Summary: Jesus’ call for us to be perfect is complemented by the Lord’s Prayer’s petition for forgiveness. "Trespasses" and "debts" are different nuances, and both need to be forgiven.

He marched up to me, stopped me in my tracks, fixed my eyes with his eagle look. And then slowly he raised both arms and clapped both hands on my shoulders, cleared his throat slightly, and intoned, "I forgive you.”

And then, as quickly as he had encountered me, he walked away. Just dropped his arms and walked away.

And when I got my wits together at all, all I could say was, "Forgive me for what?" "What did I do and for what am I being forgiven?" But there was no answer -- he just walked away with a sort of knowing smile on his face, leaving me to figure out how to accept my acceptance, how to face my forgiveness when I didn’t even know I had sinned!

It was a very strange feeling! I felt a kind of numb guilt. Obviously I had done something to offend my friend, but I did not have the slightest idea what it was. So I got to feeling guilty over things I didn’t know you could feel guilty for. A numb guilt.

But then I also felt, after a while, a pounding, pulsing power. I felt, after a while, a thrill. Because, though I suspected that it was all a joke, sane sort of put-on, still it felt wonderful -- just to be forgiven. Just to be forgiven, that’s all. No conditions, no contract to fulfill, no specifics -- just forgiveness. Blanket forgiveness. As if anything and everything I might have done or said was already forgiven. You know, if that could be true, that would make all the difference.

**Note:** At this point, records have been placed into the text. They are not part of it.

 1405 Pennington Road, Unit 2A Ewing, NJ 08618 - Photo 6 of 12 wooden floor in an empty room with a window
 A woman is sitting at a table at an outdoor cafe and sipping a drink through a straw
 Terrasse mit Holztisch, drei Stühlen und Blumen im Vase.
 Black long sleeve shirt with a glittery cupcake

Without question one of the most difficult of the teachings of Jesus is His word, "Be perfect … as your heavenly Father is perfect." or, as some would prefer to read it, "Be whole, be complete … as your heavenly Father is whole and complete." Whatever word you insert there, the result is the same. It seems impossible. It seems too demanding. It seems even unreasonable that Jesus would say such a thing. "Be perfect …".

I am not going to engage today in a discussion of the meanings that He may have intended. That is an important thing to do, but that is not my goal today. There is a great deal in this word "perfect", and it deserves sane careful study, but that is not what I am after today.. What I am going to do is to lay it alongside the Lord’s Prayer and ask you to feel with me what you do in your own life with the demand for perfection.. I am going to ask you to recognize that we do feel this demand for perfection, but that we react to it in different ways. And I am going to ask you to see that no matter how you react to this thing of being perfect, Jesus the Christ offers us a wonderful gift when He teaches us to pray for forgiveness.

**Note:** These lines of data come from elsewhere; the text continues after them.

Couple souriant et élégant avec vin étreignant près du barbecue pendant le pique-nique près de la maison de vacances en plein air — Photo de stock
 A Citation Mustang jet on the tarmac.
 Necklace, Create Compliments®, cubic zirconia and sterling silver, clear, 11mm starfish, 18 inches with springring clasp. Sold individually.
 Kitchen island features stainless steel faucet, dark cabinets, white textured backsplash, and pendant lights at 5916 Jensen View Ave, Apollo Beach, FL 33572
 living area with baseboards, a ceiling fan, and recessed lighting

"Be perfect … as your heavenly Father is perfect." And since we’re not perfect, we are to pray, "Forgive us …". The bumper sticker I see occasionally has it right: "I’m not perfect, just forgiven." I think that’s on target, even though sometimes the folks who have it on their cars seem to use it as an excuse for cutting in line ahead of me. I think it’s on target: "Not perfect, just forgiven."

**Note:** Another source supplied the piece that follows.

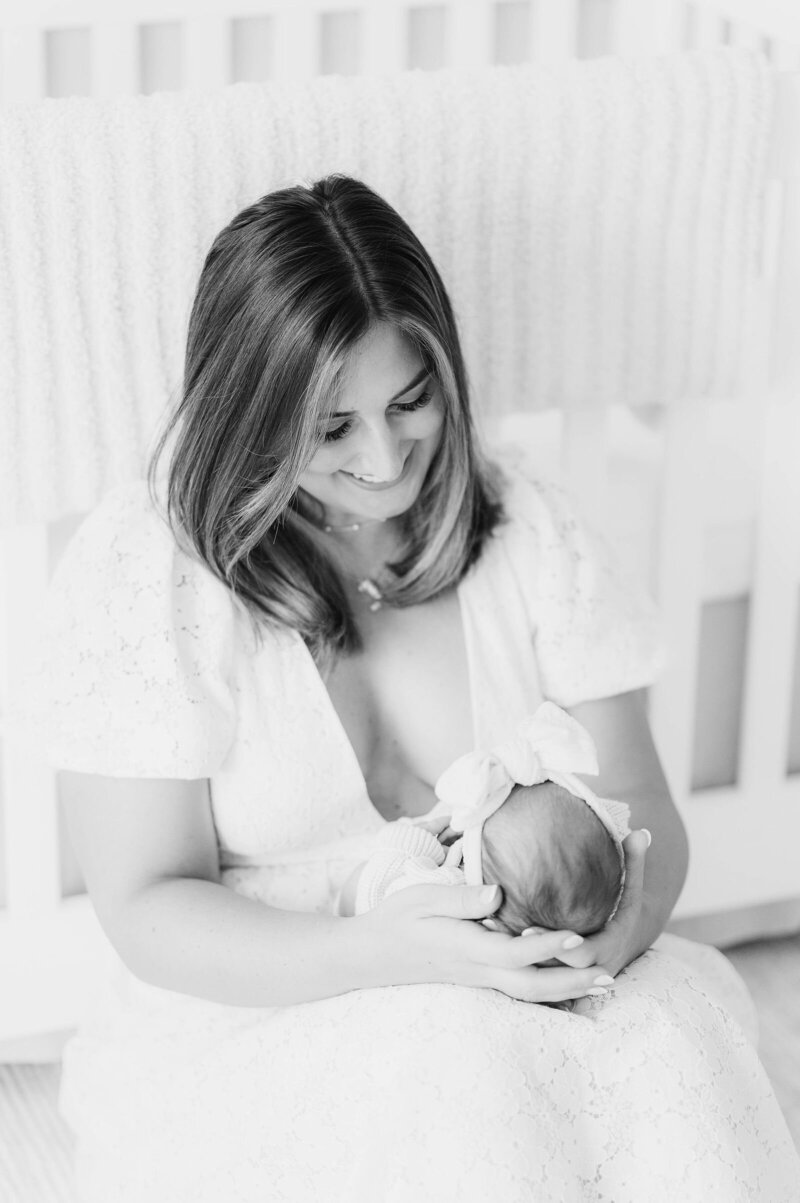 Newborn girl being held by mom in front of crib taken in Douglas, MA by the best newborn photographer in central Massachsuetts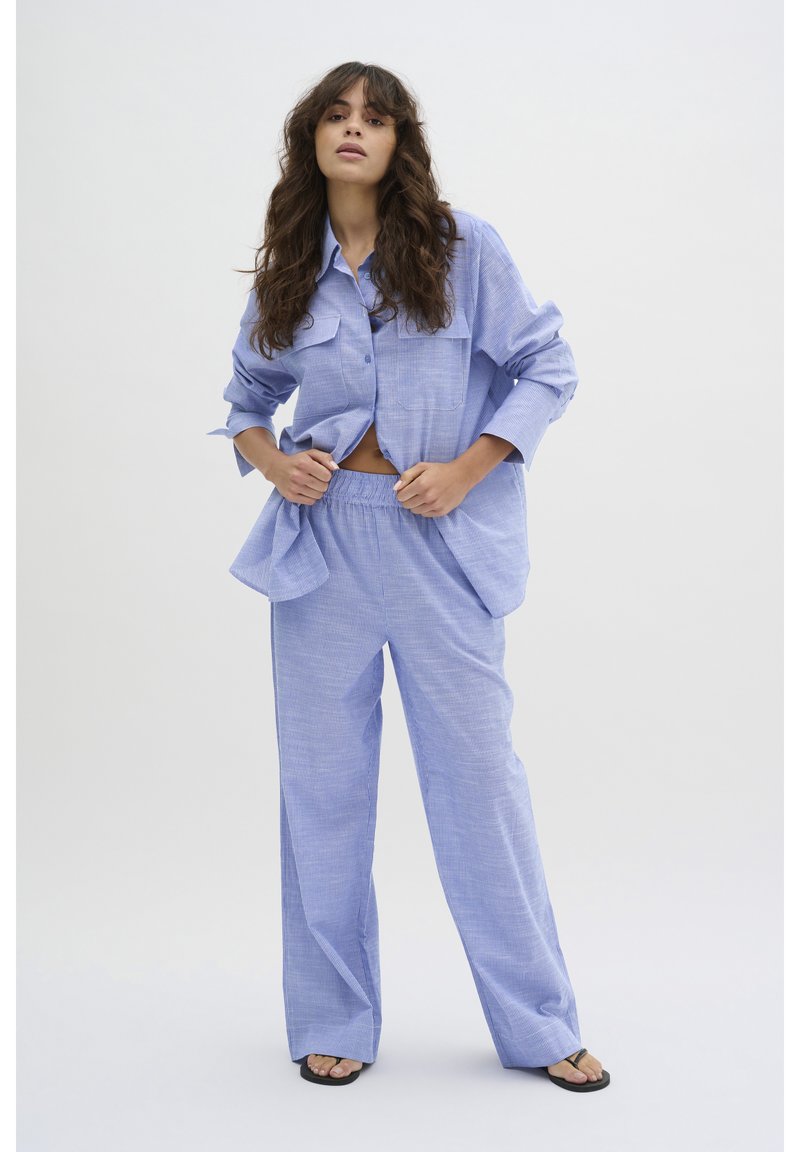 Cămașă cu carouri albastre deschise, dotată cu două buzunare pe piept, asociată cu o pereche de pantaloni largi asortați. Material neted, ușor. Stil casual.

Now I believe we all know that the petition for forgiveness in the Lord’s Prayer is said two different ways. Sometimes we say it like Matthew says it, "Forgive us our debts."

And sometimes we say it like Luke says it, "Forgive us our trespasses" •

Trespasses and debts. Debts and trespasses. Two different words. Luke has used the Greek word, and Matthew an Aramaic one, and we get two slightly different readings of the Lord’s Prayer. Different churches recite it in different ways.

When I was involved in a lot of supply preaching and working as an interim pastor, if the church where I was serving on any given Sunday had it in the bulletin for me to lead the Lord’s Prayer, I would always have to ask, "Are you a debtor church or a trespassing church?"

By the way, the best answer I ever got came from a deacon who thought a minute and then said, "Well, the church is a debtor church because the people have trespassed against the offerings"

But what I want you to see today is that these two words, these two things for which we need to be forgiven, are of course two sides of the same coin. But they are two different ways of responding to the Lord’s demand that we be perfect.

Let me say that for you again. The Lord calls us to be perfect. And some of us respond to that like trespassers and some of us respond like debtors. These are two different ways of responding to the call to be perfect; they are two sides of the same coin. But whether you are a trespasser person or a debtor person, the Lord Christ calls you, in the midst of recognizing that you are not perfect, to know the joy of being forgiven. Not perfect, just forgiven.